→ EXERCISE GOAL
Please output, exactly and without pictures, the lines from the opening of the listing below through the line containing "Shared courtyard at", both included.
DATASET SECTION Start Marker
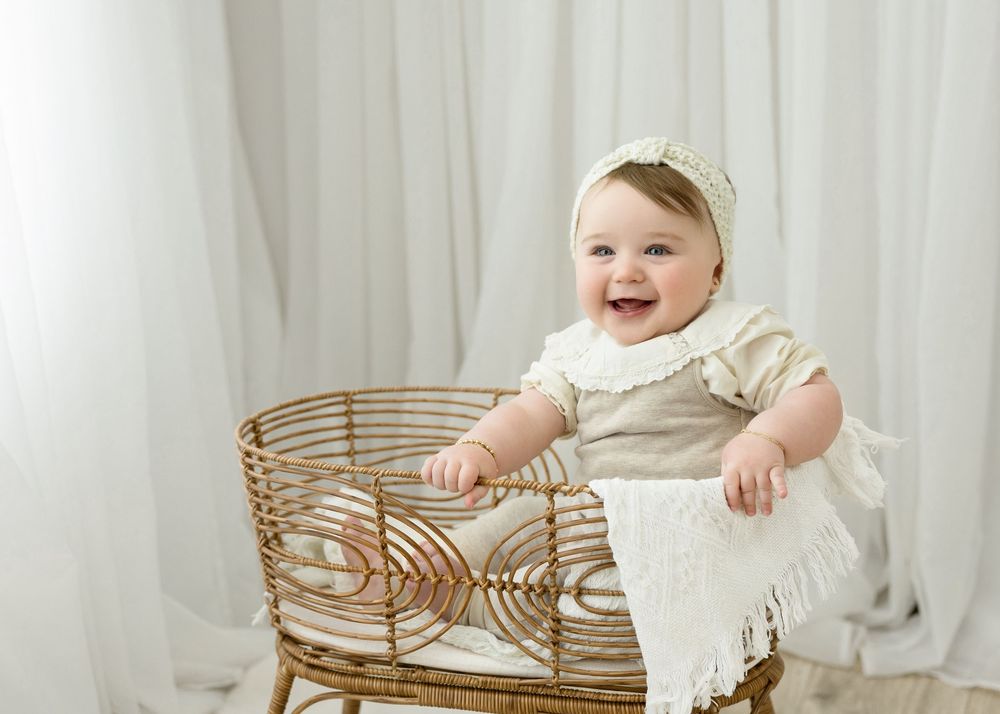 Smiling baby in cream outfit and headband sitting in a wicker bassinet against white curtain backdrop.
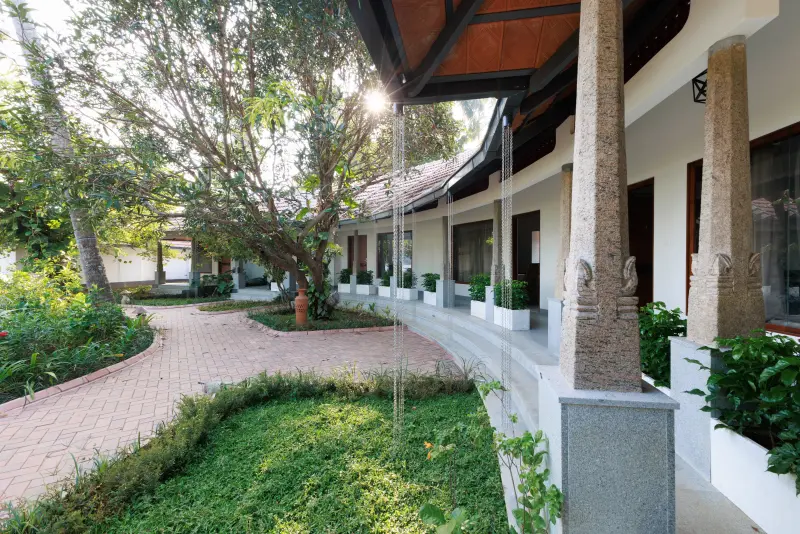 Shared courtyard at Vedic Village Kodungallur Premier Rooms with carved stone pillars, terracotta tiled roof, brick pathway and manicured garden lawn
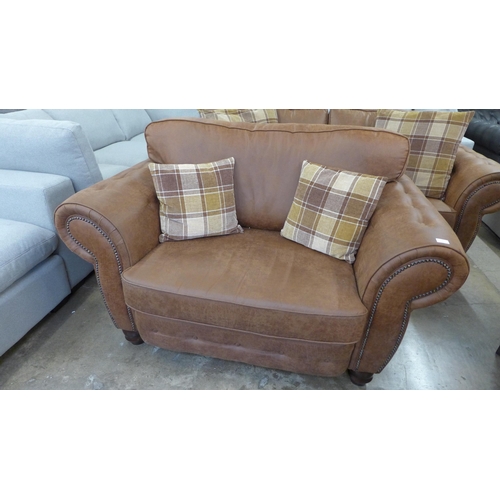 1549 - A County brown faux leather button back and studded three seater sofa and loveseat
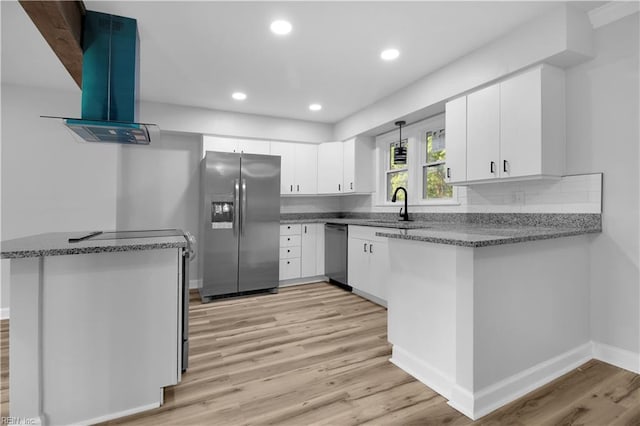 kitchen featuring exhaust hood, a sink, dishwasher, light wood-style flooring, and stainless steel refrigerator with ice dispenser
DATASET SECTION End Marker
→ REPLY TO THE TASK
 Smiling baby in cream outfit and headband sitting in a wicker bassinet against white curtain backdrop.
 Shared courtyard at Vedic Village Kodungallur Premier Rooms with carved stone pillars, terracotta tiled roof, brick pathway and manicured garden lawn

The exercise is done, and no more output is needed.